Poliermittel im Kunststoffumfeld fachlich eingeordnet
Unter Poliermitteln werden pastöse, flüssige oder andere auftragbare Medien verstanden, die zusammen mit geeigneten Trägern oder Werkzeugen eine Oberfläche verfeinern. Je nach Zusammensetzung dienen sie zum Vorpolieren, Zwischenpolieren oder Hochglanzpolieren.

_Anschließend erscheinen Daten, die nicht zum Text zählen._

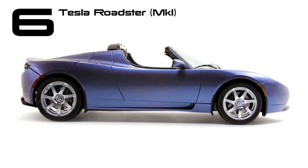Tesla's story begins with the original Roadster, based on the Lotus Elise and indeed built by Lotus minus the powertrain. It was the first production EV to use lithium-ion batteries and its 200-mile range is still impressive. There was also some mild controversy after its appearance on Top Gear.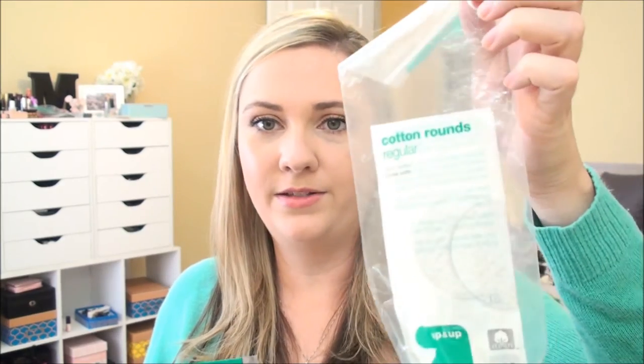I got some cotton rounds — the Target cotton rounds, a 100-pack and a 30-pack. My dog had an ear infection, so I use them regularly to take off eye makeup and nail polish, but also with Biscuit's ear cleaner to clean his ears out. Poor little thing had an ear infection, so I used a lot of those.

In der Kunststoffbranche betrifft das sowohl Kunststoffteile selbst als auch metallische Formoberflächen aus dem Werkzeug- und Formenbau.
Typische Anwendungen bei Kunststoffteilen und Werkzeugoberflächen
Poliermittel kommen dort zum Einsatz, wo Oberflächen optisch, funktional oder prozessbedingt nachbearbeitet werden. Bei Kunststoffteilen kann es um Sichtflächen, transparente Bauteile oder definierte Oberflächenbilder gehen. Im Werkzeugbau werden Formeinsätze und Kavitäten poliert, wenn eine bestimmte Oberflächenqualität, eine saubere Abbildung der Formfläche oder ein reproduzierbarer Teileauswurf gefordert ist.
Ausführungen, Polierstufen und Materialabstimmung
Poliermittel sind in unterschiedlichen Feinheiten und Darreichungsformen erhältlich, etwa als Paste, Suspension oder Emulsion. Die Auswahl richtet sich nach Werkstoff, Ausgangsoberfläche, gewünschtem Finish und dem verwendeten Polierverfahren. Grobere Mittel werden eher für den Materialabtrag und das Egalisieren genutzt, feinere für die Endbearbeitung. Entscheidend ist die Abstimmung mit Polierwerkzeugen, Polierträgern und dem jeweiligen Grundmaterial, damit keine unerwünschten Spuren oder Oberflächenveränderungen entstehen.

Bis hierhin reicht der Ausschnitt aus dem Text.